**Work to complete**
All that is needed is the line containing "ChemSpider 2D Image" and the lines after it to the end of the material, written out exactly, pictures left aside.

**Supplied material**
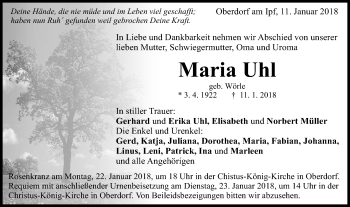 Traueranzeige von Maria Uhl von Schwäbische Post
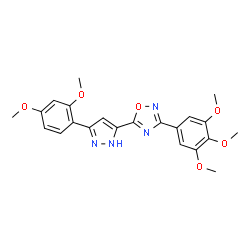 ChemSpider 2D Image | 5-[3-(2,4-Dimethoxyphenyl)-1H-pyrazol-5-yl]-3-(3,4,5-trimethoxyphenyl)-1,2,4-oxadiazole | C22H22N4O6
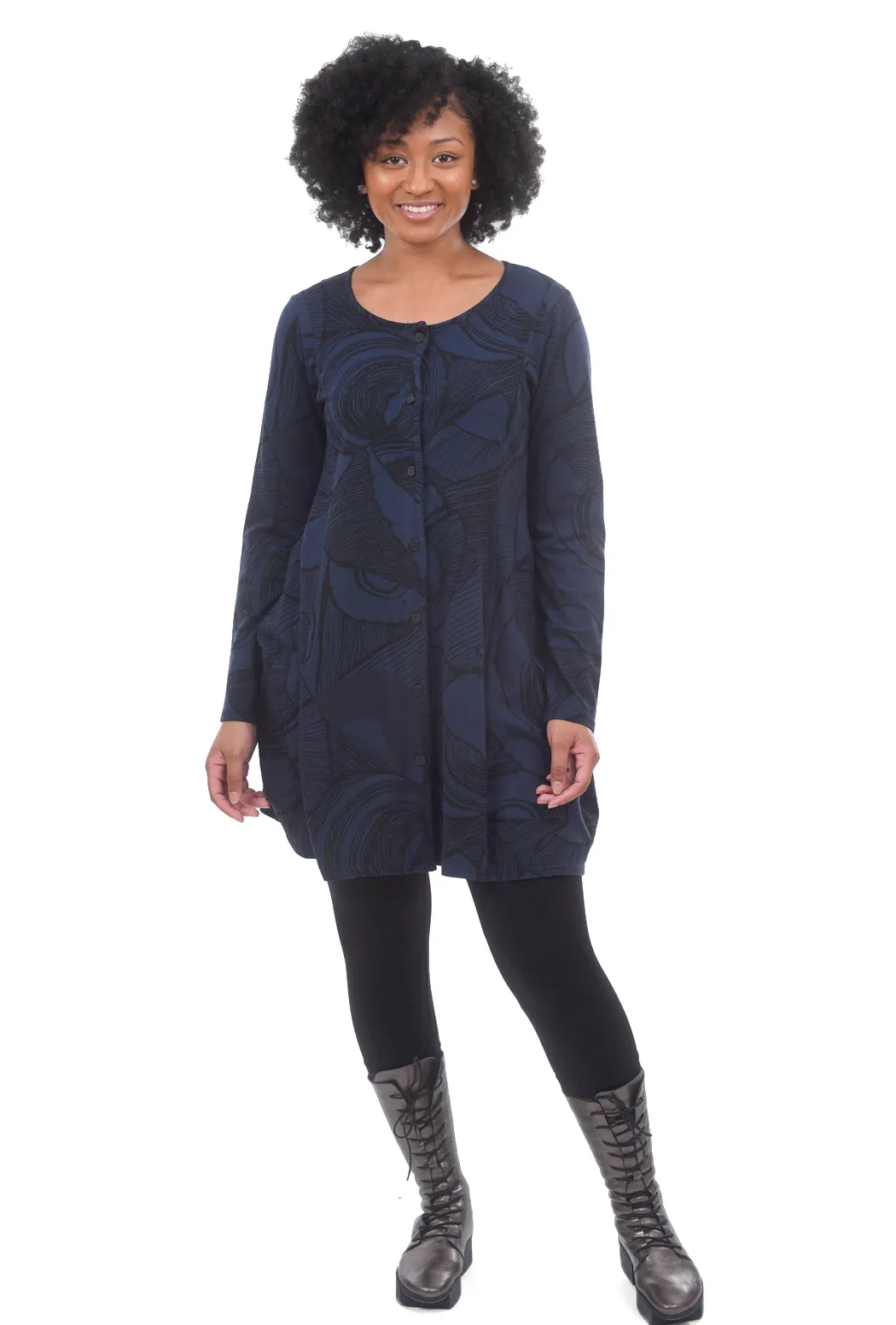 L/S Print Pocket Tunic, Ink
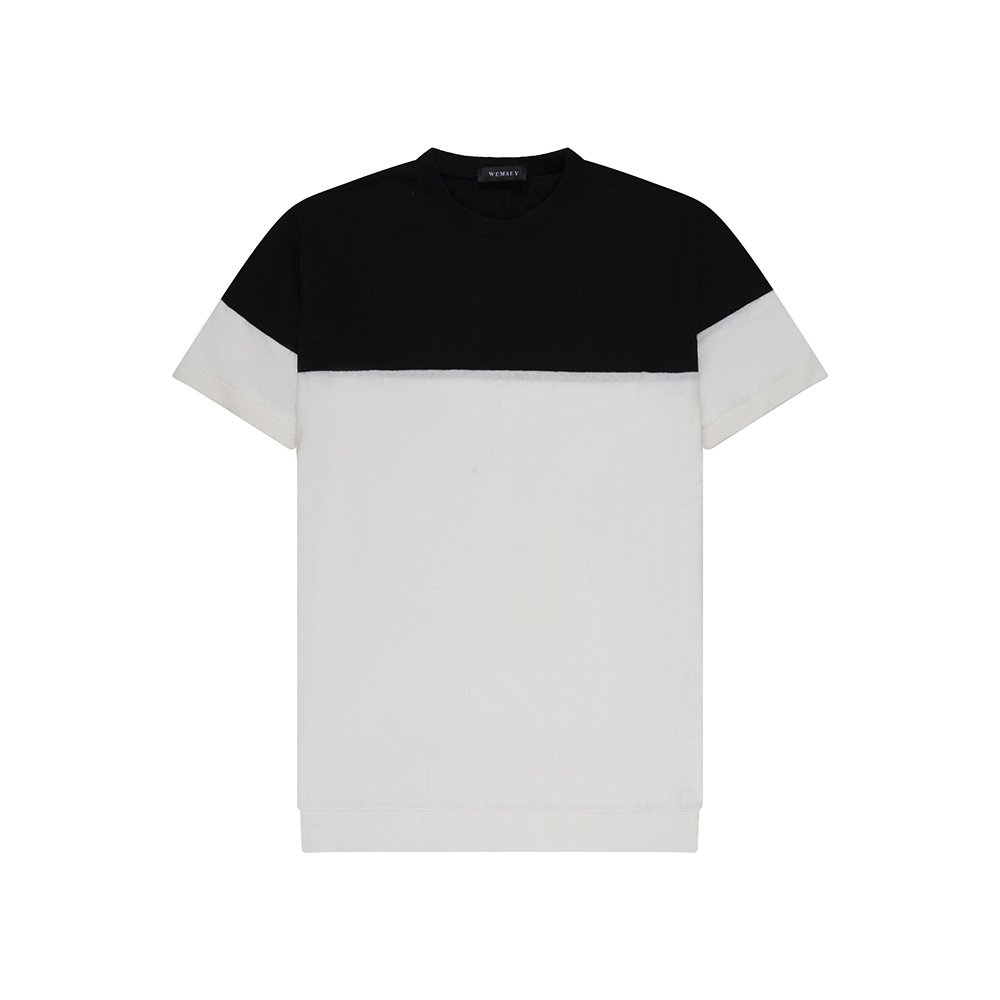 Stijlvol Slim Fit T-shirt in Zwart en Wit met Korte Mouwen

**Result of the exercise**
 ChemSpider 2D Image | 5-[3-(2,4-Dimethoxyphenyl)-1H-pyrazol-5-yl]-3-(3,4,5-trimethoxyphenyl)-1,2,4-oxadiazole | C22H22N4O6
 L/S Print Pocket Tunic, Ink
 Stijlvol Slim Fit T-shirt in Zwart en Wit met Korte Mouwen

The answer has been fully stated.